I could try and sum up how very incredible these 2 months have been but that's rather an intimidating task, so I'm just going to bang on about how much I love Laos for a while.
I have to admit that the little I knew about Laos before this trip focused on the subject (now a controversial one) of tubing. I was greatly looking forward to the chance of floating down a river in a rubber ring after downing a bucket or two. So I was pretty pissed off they decided to close it three weeks before our arrival. To be fair, having drifted down the route (somewhat crazily - I was steering much to my paddling partner Lou's dismay) I have to admit I can see why. Although you'd have to be crazily crazily drunk to drown (the river's really calm) the slides and ropeswings looked like a death trap. I'd be guaranteed to fall and break something just attempting to climb up, seeing as I rarely return from a night out in Durham without an injury. Although, this sense was probably heightened by the eery desertion of the place, and the fact that the bars are now just empty dilapidated shacks. Vang Vieng really did feel like a ghost town in parts, but we still have a winner of a night there. Our guide saved one too many babies (the idea being we drink all the alcohol to save the next generation) and after dancing his way around the restaurant passed out in the bar. This was helped by the fact that there are no seats, just raised platforms with lots of cushions around a table. Amazing. We also tried to teach our Lao guide 'Never Have I Ever'...just hilarious.

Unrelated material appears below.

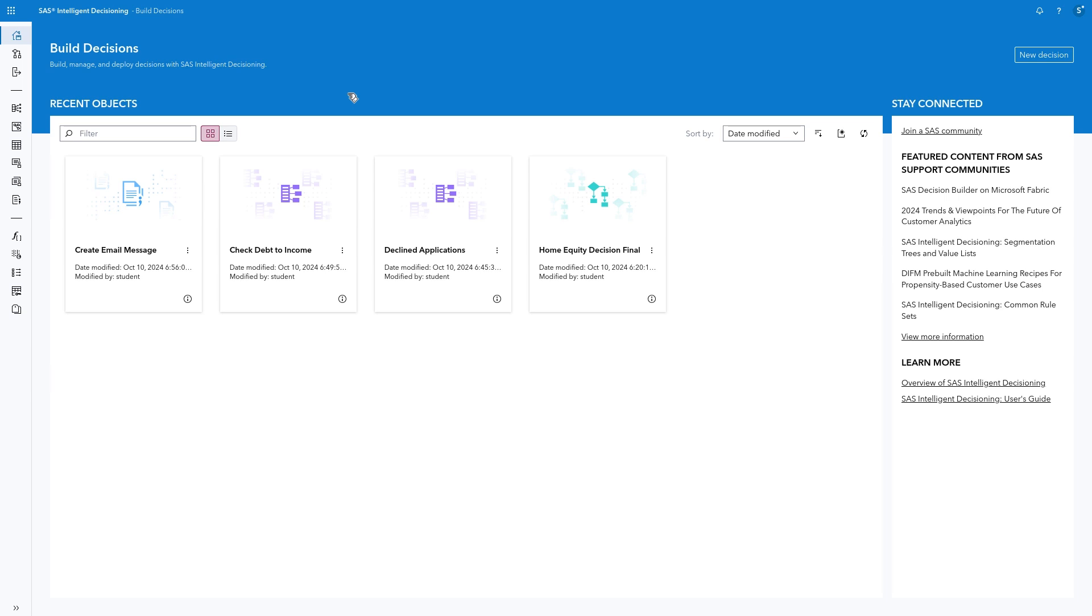SAS Intelligent Decisioning completes the analytics lifecycle, enabling you to operationalize analytics models and combine them with business rules with a few clicks to drive automated decisioning at scale. Let's explore SAS Intelligent Decisioning together. I encourage you to follow along with me.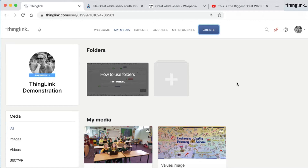Hello and welcome to this short video showing you how to create a Thinglink and some of the tags that you can add.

My favourite city of the whole trip, and probably the best I've ever visited, was Luang Prabang. Home to 32 beautiful temples and surrounded by 3 incredibly beautiful waterfalls, with the Mekong river running through and with a backdrop of mountains, I just can't express its beauty in words. The city is a UNESCO World Heritage Site and it feels like stepping back in time. The buildings are quaint and still maintain their French influence, whilst the beautiful national flower of Laos, Frangipani, tumbles over their balconies. The roads are narrow and their main traffic is the humble bicycle, lit up with the colour of umbrellas used by the riders to protect themselves from the sun. Most restaurants are open air amongst jungle-like trees that hold twinkling fairy lights. And the bars that overlook the river demand you to lie down on cushioned mats and wile away hours chatting, cocktail in hand. We stayed 3 days, I could have stayed forever. A stay made even better by the chance to witness the monks walk through the city at dawn to collect offerings of food from the local people and at the same time give back to the poor in the community, a tradition now only preserved in Laos.
I can't get my head around how underappreciated Laos is as a destination, and also how little known it is. Following the Vietnam War the unused American bombs were emptied over this little country, killing thousands and destroying wildlife. It's only just beginning to prosper, but it is obviously still a very poor and underdeveloped country. But it sure is beautiful and in no sense is tubing the reason to visit - the people, the places and the beautiful culture are. I just can't wait to go back.